Data records:

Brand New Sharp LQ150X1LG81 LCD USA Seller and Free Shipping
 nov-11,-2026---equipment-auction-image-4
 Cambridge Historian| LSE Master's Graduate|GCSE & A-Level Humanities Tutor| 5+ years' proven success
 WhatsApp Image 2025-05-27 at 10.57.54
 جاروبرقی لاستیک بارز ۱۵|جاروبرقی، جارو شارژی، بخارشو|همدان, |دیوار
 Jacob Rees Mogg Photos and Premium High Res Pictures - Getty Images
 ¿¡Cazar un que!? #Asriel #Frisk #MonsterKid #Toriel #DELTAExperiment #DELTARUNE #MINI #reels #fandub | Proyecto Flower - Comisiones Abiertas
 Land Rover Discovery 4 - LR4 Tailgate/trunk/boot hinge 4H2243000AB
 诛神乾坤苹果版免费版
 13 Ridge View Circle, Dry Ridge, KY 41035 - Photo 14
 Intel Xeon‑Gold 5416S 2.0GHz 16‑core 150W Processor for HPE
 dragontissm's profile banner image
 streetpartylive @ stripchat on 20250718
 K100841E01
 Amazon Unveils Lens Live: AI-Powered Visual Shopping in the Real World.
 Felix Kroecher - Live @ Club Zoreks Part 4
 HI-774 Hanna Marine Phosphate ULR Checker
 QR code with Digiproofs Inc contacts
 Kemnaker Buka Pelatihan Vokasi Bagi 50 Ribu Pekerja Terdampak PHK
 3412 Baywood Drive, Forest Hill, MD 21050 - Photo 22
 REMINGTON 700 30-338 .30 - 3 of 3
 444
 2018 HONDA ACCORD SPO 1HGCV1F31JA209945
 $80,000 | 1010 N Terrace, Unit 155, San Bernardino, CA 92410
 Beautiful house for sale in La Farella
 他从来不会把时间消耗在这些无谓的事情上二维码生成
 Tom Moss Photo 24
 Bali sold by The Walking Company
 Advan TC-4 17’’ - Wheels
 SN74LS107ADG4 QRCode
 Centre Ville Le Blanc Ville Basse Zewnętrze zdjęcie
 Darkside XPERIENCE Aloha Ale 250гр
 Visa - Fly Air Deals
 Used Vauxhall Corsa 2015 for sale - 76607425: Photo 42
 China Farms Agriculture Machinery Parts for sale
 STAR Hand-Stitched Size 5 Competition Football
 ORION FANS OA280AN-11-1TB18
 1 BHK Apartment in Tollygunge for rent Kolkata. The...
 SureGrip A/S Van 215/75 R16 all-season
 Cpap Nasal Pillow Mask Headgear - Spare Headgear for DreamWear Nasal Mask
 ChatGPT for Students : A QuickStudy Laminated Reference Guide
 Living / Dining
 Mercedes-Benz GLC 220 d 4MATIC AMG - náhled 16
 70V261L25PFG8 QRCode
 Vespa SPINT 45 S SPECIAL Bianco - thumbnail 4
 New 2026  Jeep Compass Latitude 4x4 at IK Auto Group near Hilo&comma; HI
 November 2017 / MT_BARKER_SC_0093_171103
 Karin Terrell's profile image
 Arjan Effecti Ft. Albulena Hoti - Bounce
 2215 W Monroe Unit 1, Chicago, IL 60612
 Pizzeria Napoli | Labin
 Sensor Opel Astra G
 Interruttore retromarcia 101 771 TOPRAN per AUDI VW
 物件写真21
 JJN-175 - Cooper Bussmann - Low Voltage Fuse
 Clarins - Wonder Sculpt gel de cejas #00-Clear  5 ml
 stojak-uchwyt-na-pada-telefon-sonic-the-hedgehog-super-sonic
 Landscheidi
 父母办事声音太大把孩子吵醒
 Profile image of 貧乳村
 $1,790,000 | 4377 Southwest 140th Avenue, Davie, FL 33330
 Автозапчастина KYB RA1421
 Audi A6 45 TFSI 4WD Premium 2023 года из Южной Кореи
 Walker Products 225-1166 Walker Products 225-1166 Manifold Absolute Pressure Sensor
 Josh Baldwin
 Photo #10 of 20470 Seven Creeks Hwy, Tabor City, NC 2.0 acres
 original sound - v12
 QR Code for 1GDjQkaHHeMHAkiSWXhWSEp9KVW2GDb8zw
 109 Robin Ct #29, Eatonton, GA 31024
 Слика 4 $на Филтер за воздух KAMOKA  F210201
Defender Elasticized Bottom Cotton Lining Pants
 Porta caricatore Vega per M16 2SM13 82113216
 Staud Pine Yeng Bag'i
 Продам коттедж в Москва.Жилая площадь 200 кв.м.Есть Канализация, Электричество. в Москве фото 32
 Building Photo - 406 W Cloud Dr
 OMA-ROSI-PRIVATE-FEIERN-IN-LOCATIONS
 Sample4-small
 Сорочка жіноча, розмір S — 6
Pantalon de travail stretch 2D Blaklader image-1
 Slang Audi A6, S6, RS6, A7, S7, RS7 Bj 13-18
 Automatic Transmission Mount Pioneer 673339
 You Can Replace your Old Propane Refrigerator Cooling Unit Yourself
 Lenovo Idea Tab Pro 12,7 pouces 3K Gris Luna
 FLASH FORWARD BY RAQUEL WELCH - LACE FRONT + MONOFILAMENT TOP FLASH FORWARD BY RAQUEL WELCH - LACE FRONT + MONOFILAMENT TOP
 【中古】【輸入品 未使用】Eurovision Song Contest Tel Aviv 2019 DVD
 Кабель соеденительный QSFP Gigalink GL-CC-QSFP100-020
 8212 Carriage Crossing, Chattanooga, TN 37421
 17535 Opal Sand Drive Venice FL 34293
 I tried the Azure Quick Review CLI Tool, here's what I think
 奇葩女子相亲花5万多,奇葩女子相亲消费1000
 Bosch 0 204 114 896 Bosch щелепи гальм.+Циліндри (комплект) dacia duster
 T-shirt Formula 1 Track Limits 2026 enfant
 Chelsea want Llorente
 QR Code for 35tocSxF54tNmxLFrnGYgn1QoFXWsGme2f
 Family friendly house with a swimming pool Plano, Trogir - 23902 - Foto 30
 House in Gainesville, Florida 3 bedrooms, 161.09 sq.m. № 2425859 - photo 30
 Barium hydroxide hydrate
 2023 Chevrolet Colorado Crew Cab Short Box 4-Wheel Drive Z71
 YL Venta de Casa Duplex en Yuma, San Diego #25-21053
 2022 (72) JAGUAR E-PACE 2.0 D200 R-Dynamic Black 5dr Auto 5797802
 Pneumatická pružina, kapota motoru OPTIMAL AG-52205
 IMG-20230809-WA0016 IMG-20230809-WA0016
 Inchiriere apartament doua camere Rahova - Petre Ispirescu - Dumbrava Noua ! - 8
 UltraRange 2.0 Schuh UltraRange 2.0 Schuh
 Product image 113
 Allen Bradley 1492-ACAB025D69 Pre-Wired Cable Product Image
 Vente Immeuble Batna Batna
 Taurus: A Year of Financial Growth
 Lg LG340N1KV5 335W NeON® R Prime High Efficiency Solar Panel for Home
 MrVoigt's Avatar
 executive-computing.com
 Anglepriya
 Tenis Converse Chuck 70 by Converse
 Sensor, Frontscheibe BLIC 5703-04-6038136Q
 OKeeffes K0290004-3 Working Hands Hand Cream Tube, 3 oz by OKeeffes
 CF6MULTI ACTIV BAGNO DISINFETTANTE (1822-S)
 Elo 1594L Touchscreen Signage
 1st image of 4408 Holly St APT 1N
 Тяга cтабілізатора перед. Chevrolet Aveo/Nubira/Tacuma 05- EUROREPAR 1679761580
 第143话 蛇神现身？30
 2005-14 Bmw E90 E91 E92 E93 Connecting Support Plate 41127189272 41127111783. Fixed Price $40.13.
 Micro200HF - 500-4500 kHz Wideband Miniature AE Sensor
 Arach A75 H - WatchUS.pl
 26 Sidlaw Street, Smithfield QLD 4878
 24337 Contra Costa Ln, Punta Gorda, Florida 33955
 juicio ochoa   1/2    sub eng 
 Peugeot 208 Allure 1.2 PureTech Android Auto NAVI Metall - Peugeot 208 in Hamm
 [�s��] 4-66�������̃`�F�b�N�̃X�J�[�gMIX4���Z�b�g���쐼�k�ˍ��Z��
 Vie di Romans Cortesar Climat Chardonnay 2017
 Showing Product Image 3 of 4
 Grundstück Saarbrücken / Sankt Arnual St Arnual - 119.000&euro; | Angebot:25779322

**Task to complete**
Of the lines above, extract only those from the line with "Автозапчастина KYB RA1421" to the line with "17535 Opal Sand Drive Venice FL 34293", both included, exactly as written.

**Answer to this exercise**
 Автозапчастина KYB RA1421
 Audi A6 45 TFSI 4WD Premium 2023 года из Южной Кореи
 Walker Products 225-1166 Walker Products 225-1166 Manifold Absolute Pressure Sensor
 Josh Baldwin
 Photo #10 of 20470 Seven Creeks Hwy, Tabor City, NC 2.0 acres
 original sound - v12
 QR Code for 1GDjQkaHHeMHAkiSWXhWSEp9KVW2GDb8zw
 109 Robin Ct #29, Eatonton, GA 31024
 Слика 4 $на Филтер за воздух KAMOKA  F210201
Defender Elasticized Bottom Cotton Lining Pants
 Porta caricatore Vega per M16 2SM13 82113216
 Staud Pine Yeng Bag'i
 Продам коттедж в Москва.Жилая площадь 200 кв.м.Есть Канализация, Электричество. в Москве фото 32
 Building Photo - 406 W Cloud Dr
 OMA-ROSI-PRIVATE-FEIERN-IN-LOCATIONS
 Sample4-small
 Сорочка жіноча, розмір S — 6
Pantalon de travail stretch 2D Blaklader image-1
 Slang Audi A6, S6, RS6, A7, S7, RS7 Bj 13-18
 Automatic Transmission Mount Pioneer 673339
 You Can Replace your Old Propane Refrigerator Cooling Unit Yourself
 Lenovo Idea Tab Pro 12,7 pouces 3K Gris Luna
 FLASH FORWARD BY RAQUEL WELCH - LACE FRONT + MONOFILAMENT TOP FLASH FORWARD BY RAQUEL WELCH - LACE FRONT + MONOFILAMENT TOP
 【中古】【輸入品 未使用】Eurovision Song Contest Tel Aviv 2019 DVD
 Кабель соеденительный QSFP Gigalink GL-CC-QSFP100-020
 8212 Carriage Crossing, Chattanooga, TN 37421
 17535 Opal Sand Drive Venice FL 34293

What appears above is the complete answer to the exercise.